Please transcribe the entries below exactly and leave out every picture.
::: Records to process :::
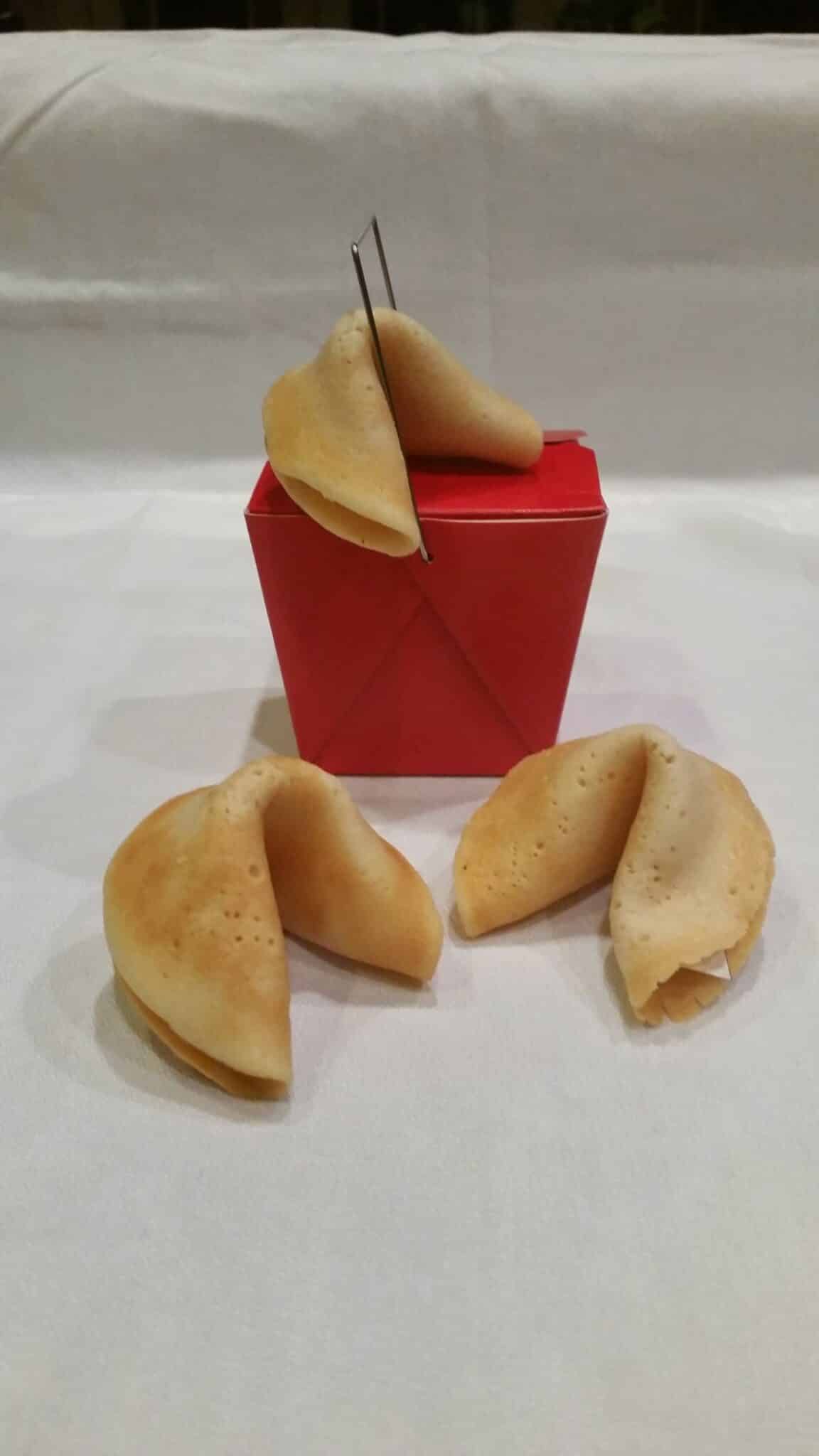 Faster Homemade Fortune Cookies with red box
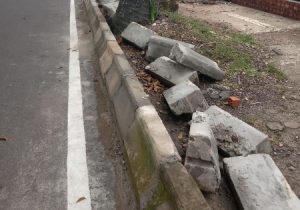 Telan Miliaran Rupiah, Proyek Perbaikan Trotoar Jalan Angkatan 45 Dilaporkan ke Kejari Kota Palembang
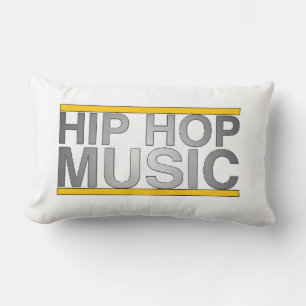 Cojín Lumbar Hip Hop Music (blanco - negro de 2 lados) Pillow
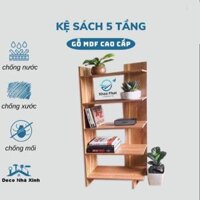 KỆ GỖ GÓC TƯỜNG ĐA NĂNG, KỆ TRANG TRÍ 4 TẦNG CAO 1.2M GỖ CAO SU TỰ NHIÊN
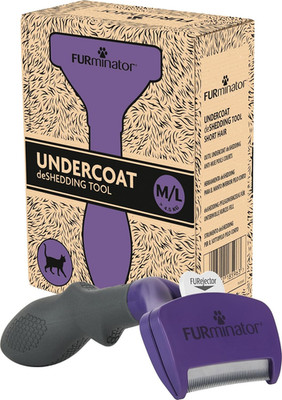 Furminator Deshedding Tool Katzen Größe M,L Kurzhaar - Katzenbürste Für Mittelgr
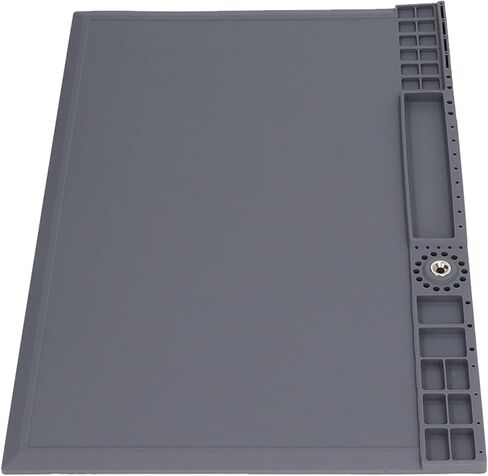 Heat Insulation Soldering Mat, Non Adhesive Silicone Heat Resistants Repair Work Pad Mat with Part Slot for Soldering, Computer, Cell Phone, Watch Repair in Kuwait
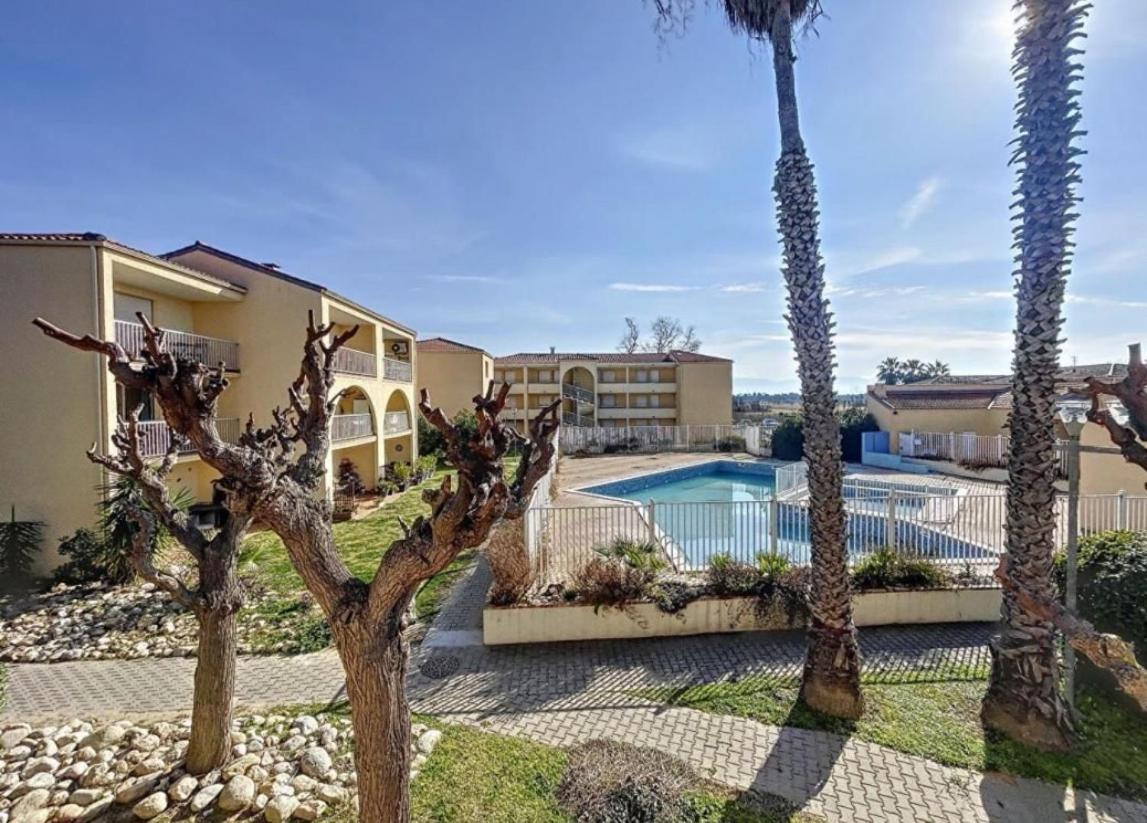 T2 Rdc A Canet En Roussillon Europa 4 Pers ,Piscine,Clim, Tennis, Parking Екстер'єр фото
:::
» **Answer to this problem**
 Faster Homemade Fortune Cookies with red box
 Telan Miliaran Rupiah, Proyek Perbaikan Trotoar Jalan Angkatan 45 Dilaporkan ke Kejari Kota Palembang
 Cojín Lumbar Hip Hop Music (blanco - negro de 2 lados) Pillow
 KỆ GỖ GÓC TƯỜNG ĐA NĂNG, KỆ TRANG TRÍ 4 TẦNG CAO 1.2M GỖ CAO SU TỰ NHIÊN
 Furminator Deshedding Tool Katzen Größe M,L Kurzhaar - Katzenbürste Für Mittelgr
 Heat Insulation Soldering Mat, Non Adhesive Silicone Heat Resistants Repair Work Pad Mat with Part Slot for Soldering, Computer, Cell Phone, Watch Repair in Kuwait
 T2 Rdc A Canet En Roussillon Europa 4 Pers ,Piscine,Clim, Tennis, Parking Екстер'єр фото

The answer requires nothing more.